**Problem requirements**
Below are records with pictures in them; print them exactly, omitting the pictures.
------------------------
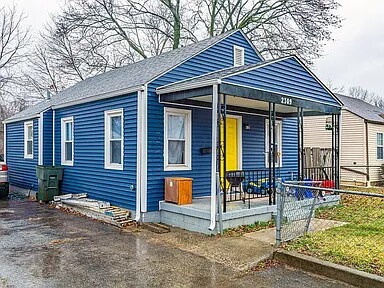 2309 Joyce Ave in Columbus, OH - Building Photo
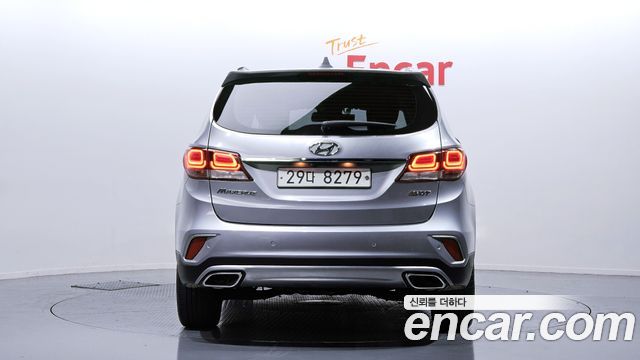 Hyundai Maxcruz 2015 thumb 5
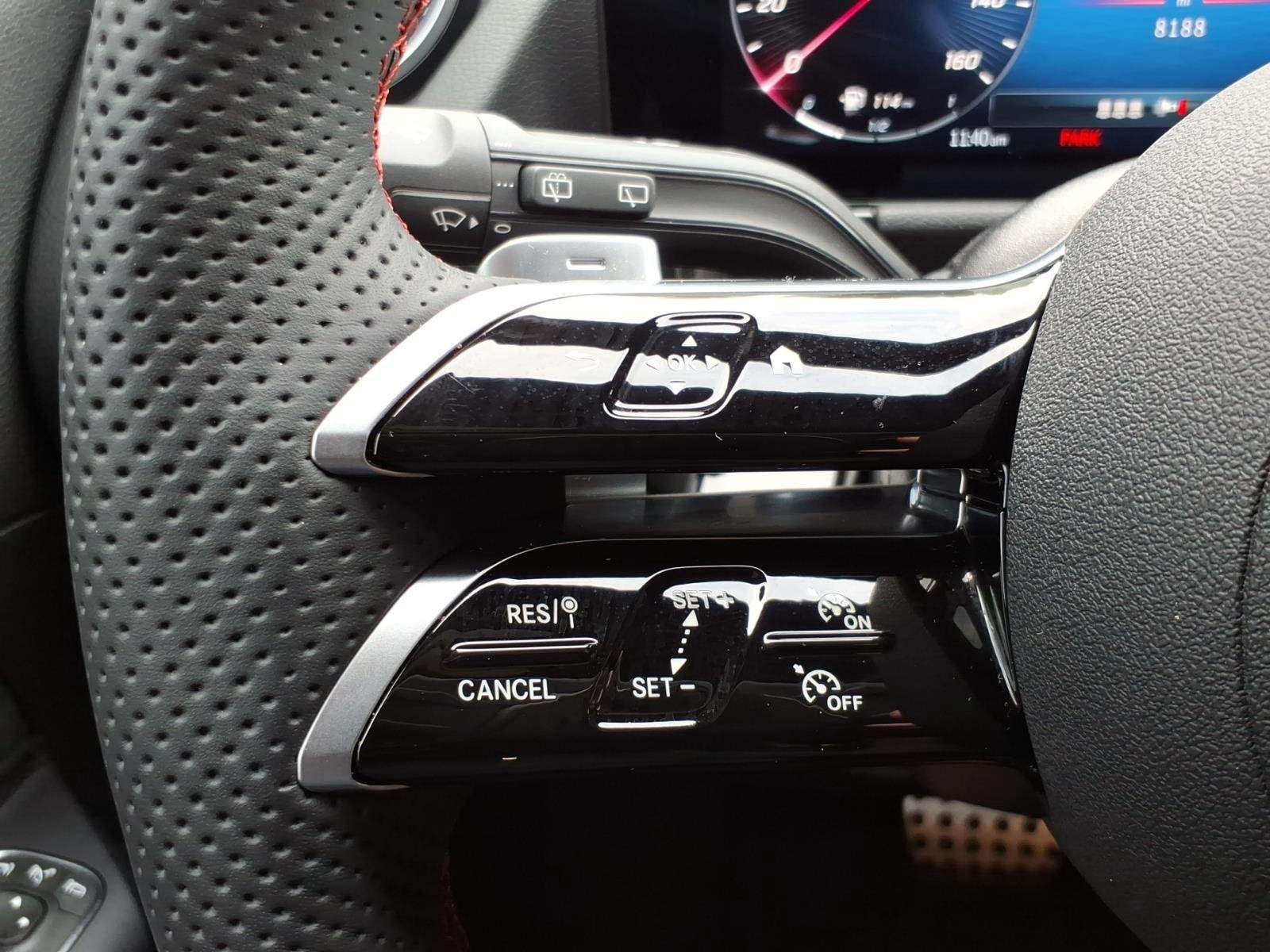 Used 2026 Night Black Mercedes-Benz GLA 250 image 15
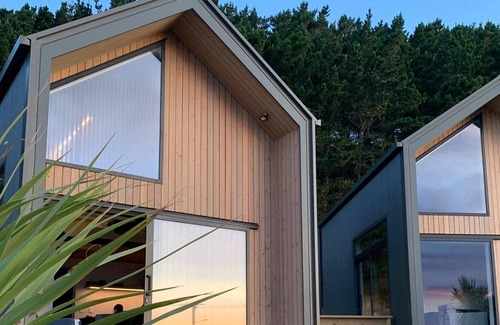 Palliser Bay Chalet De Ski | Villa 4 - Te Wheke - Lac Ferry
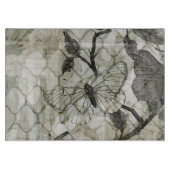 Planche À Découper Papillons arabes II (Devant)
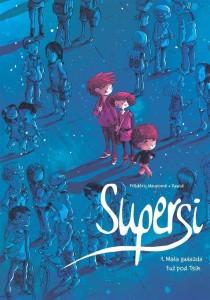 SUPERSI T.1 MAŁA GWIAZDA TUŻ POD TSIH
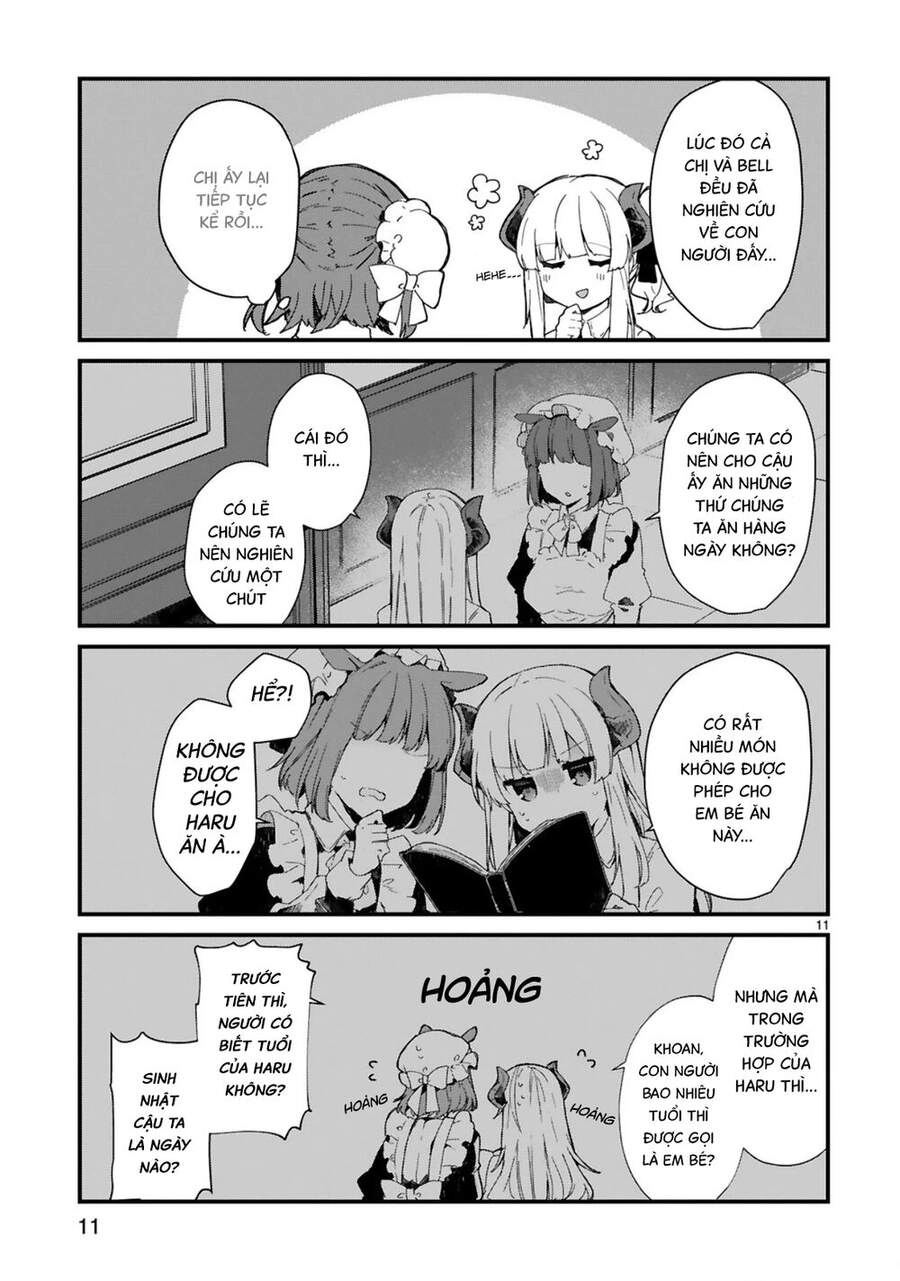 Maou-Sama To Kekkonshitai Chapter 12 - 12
------------------------
**Response**
 2309 Joyce Ave in Columbus, OH - Building Photo
 Hyundai Maxcruz 2015 thumb 5
 Used 2026 Night Black Mercedes-Benz GLA 250 image 15
 Palliser Bay Chalet De Ski | Villa 4 - Te Wheke - Lac Ferry
 Planche À Découper Papillons arabes II (Devant)
 SUPERSI T.1 MAŁA GWIAZDA TUŻ POD TSIH
 Maou-Sama To Kekkonshitai Chapter 12 - 12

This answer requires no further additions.